_EXERCISE PROMPT_
The data below holds a line containing "VitrA Matrix A44582" and a line containing "找类似兴诚贷借款app下载一样正规的借款平台？我的踩坑经验值千金"; please quote exactly those two lines and every line between them, and nothing else.

_DATA TO USE_
------------------------------------------------------------------------
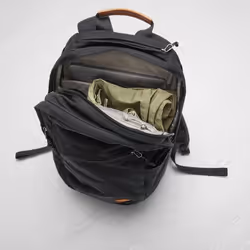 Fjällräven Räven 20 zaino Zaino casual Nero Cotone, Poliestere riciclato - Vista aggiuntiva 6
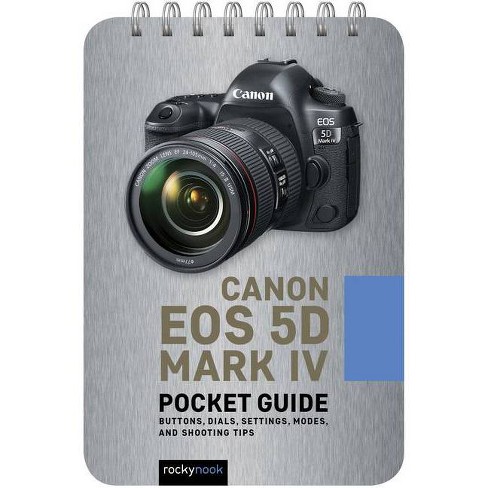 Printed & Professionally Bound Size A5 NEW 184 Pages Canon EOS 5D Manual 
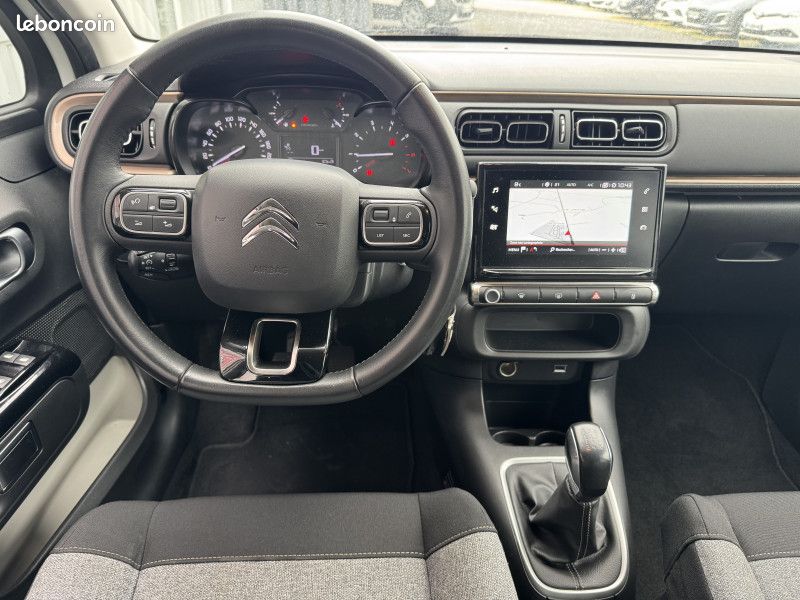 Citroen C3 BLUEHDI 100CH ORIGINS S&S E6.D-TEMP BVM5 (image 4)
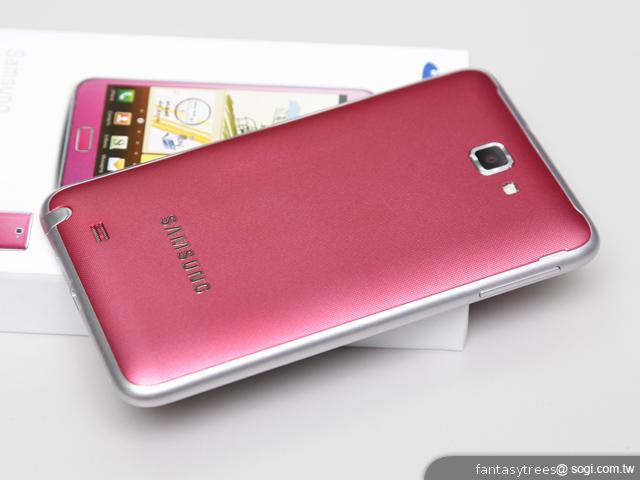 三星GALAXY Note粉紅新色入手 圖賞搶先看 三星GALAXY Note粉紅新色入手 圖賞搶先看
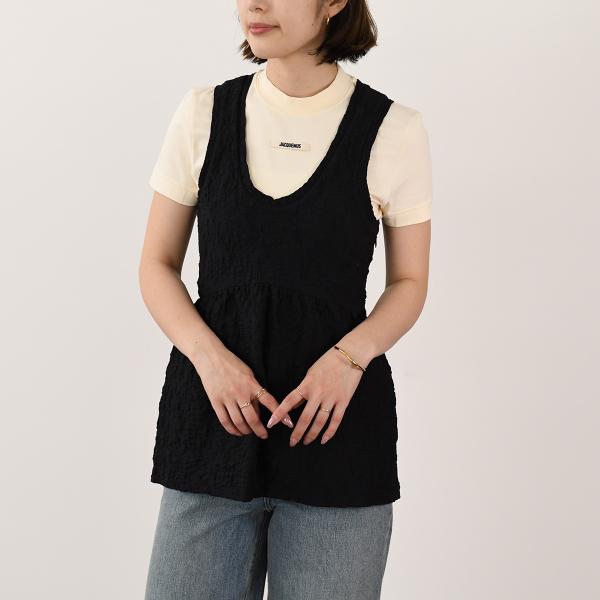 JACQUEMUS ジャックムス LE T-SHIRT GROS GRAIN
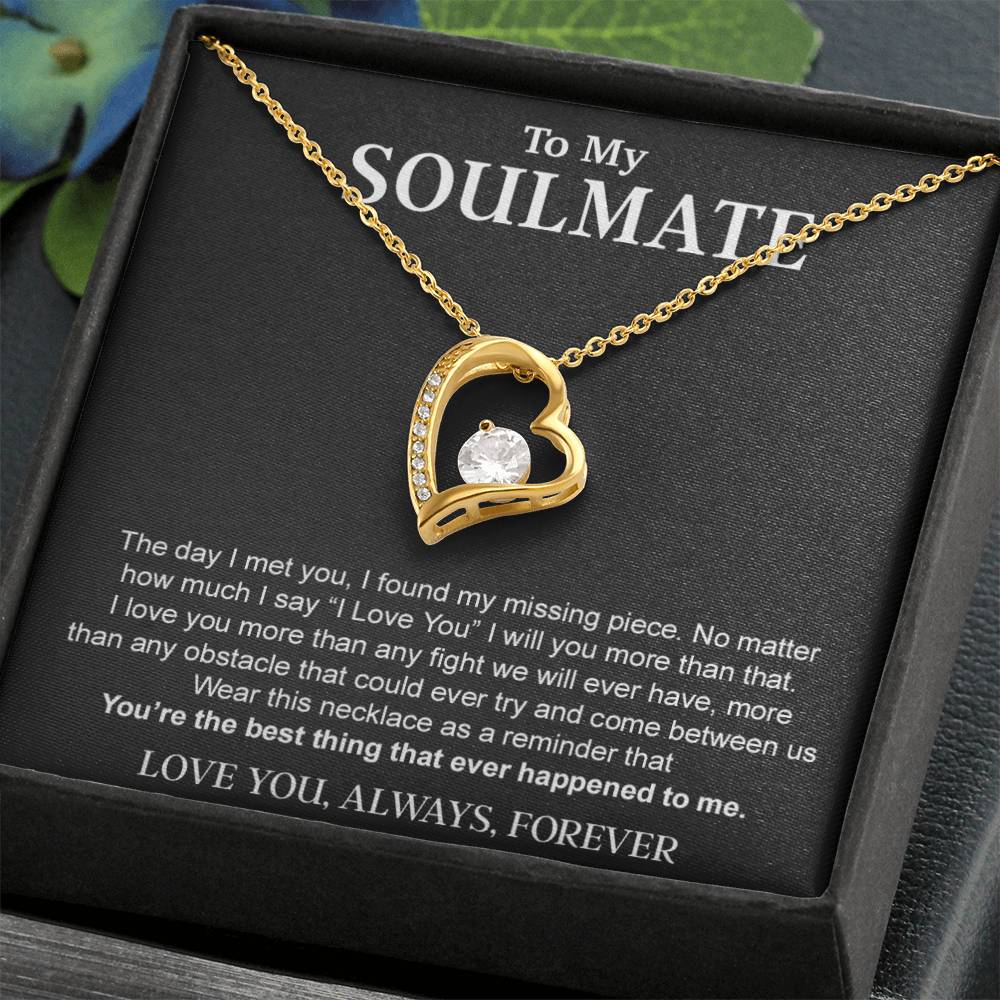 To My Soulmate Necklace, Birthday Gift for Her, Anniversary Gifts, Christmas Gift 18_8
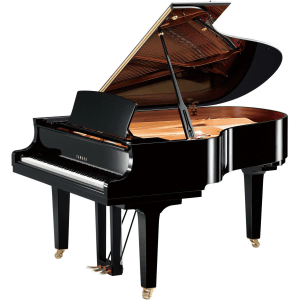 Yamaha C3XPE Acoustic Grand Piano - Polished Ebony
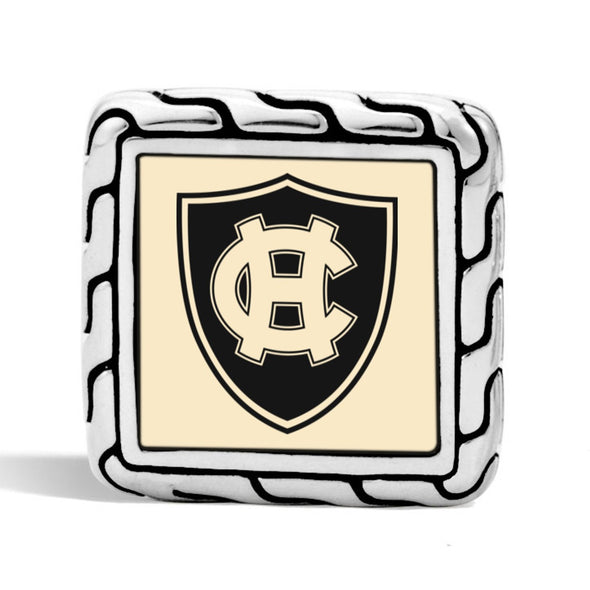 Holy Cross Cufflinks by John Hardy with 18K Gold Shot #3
------------------------------------------------------------------------
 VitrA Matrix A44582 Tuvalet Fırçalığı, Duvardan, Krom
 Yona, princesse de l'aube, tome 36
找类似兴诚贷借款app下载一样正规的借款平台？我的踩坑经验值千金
------------------------------------------------------------------------
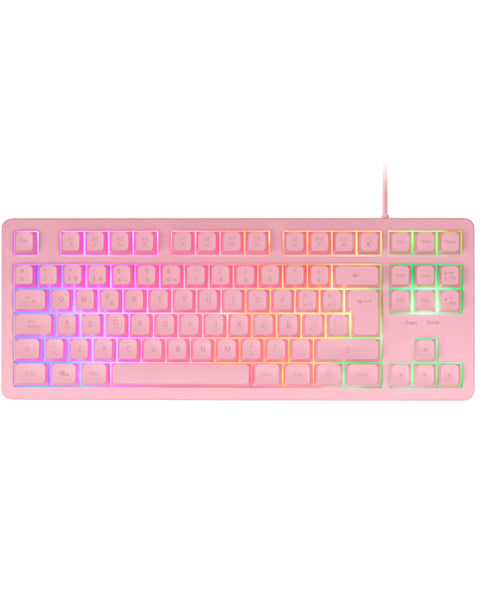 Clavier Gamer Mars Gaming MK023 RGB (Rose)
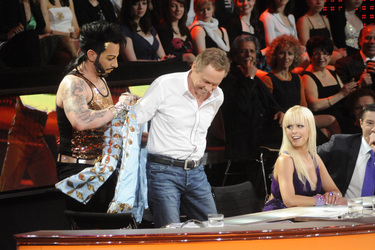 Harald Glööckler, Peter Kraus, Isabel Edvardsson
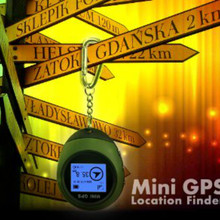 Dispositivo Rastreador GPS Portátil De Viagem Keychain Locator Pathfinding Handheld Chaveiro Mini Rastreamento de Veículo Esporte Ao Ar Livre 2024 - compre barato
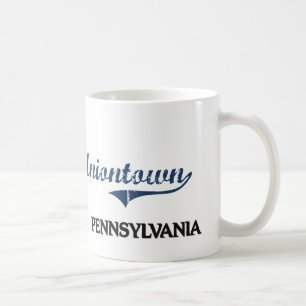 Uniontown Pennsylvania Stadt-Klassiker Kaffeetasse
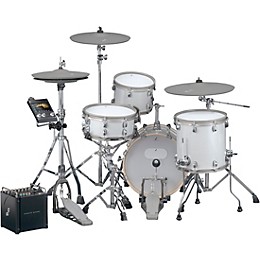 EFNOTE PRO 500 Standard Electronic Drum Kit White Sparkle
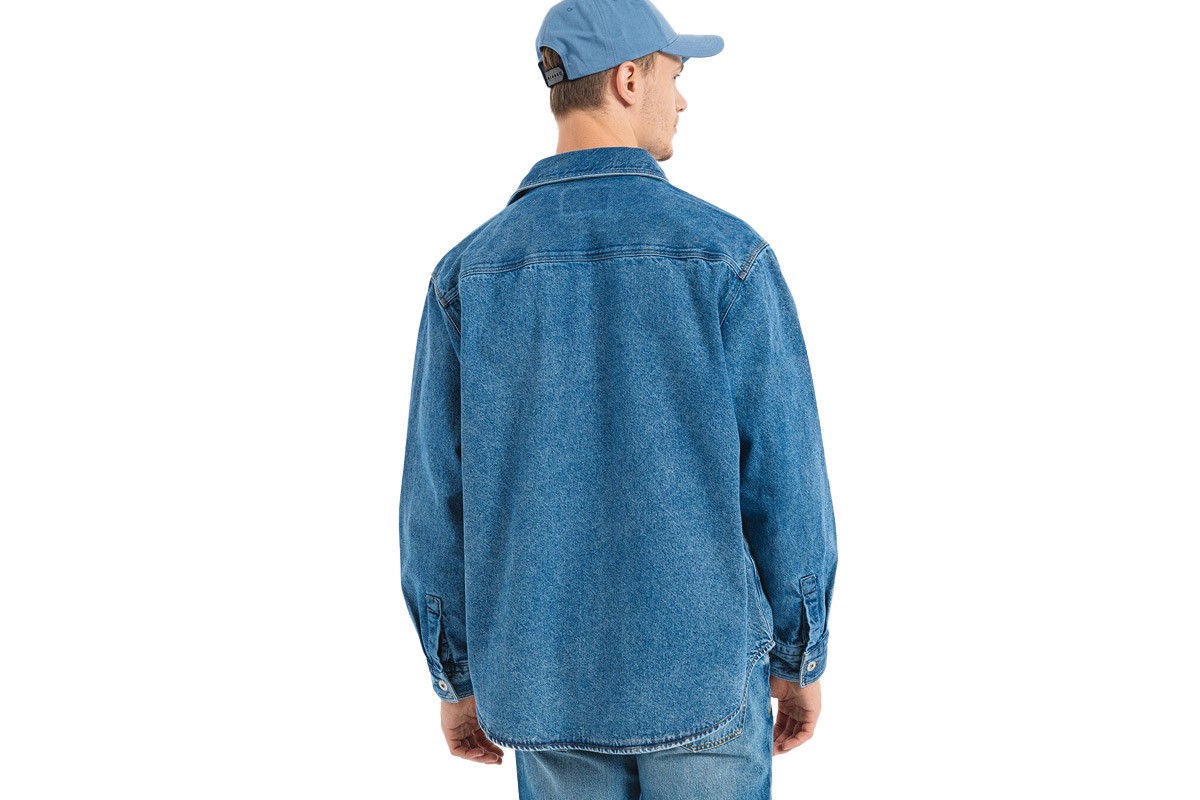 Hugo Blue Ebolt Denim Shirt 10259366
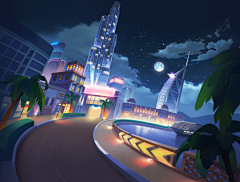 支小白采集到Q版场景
------------------------------------------------------------------------
_RESPONSE FOR THIS EXERCISE_
 VitrA Matrix A44582 Tuvalet Fırçalığı, Duvardan, Krom
 Yona, princesse de l'aube, tome 36
找类似兴诚贷借款app下载一样正规的借款平台？我的踩坑经验值千金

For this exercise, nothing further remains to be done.